> _Given entries_
= = = = =

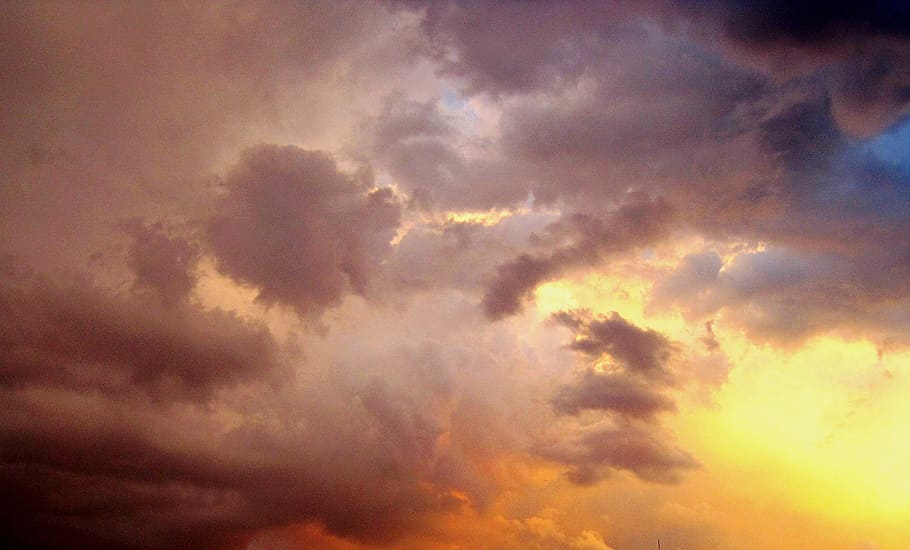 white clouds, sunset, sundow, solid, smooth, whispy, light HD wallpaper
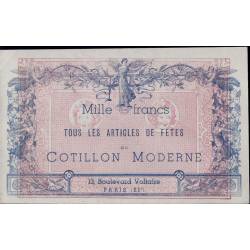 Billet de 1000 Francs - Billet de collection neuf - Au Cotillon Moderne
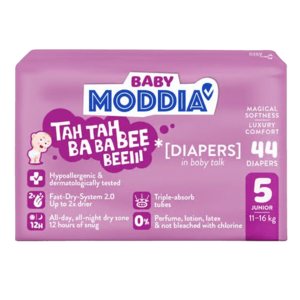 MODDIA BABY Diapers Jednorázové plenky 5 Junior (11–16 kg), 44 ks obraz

= = = = =

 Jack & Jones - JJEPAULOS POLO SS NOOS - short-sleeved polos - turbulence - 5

= = = = =

> _Instructions for the task_
Nothing but the lines from the one with "Billet de 1000" to the one with "MODDIA BABY Diapers" above, both included, should be transcribed, exactly and without pictures.

> _Result of this task_
 Billet de 1000 Francs - Billet de collection neuf - Au Cotillon Moderne
 MODDIA BABY Diapers Jednorázové plenky 5 Junior (11–16 kg), 44 ks obraz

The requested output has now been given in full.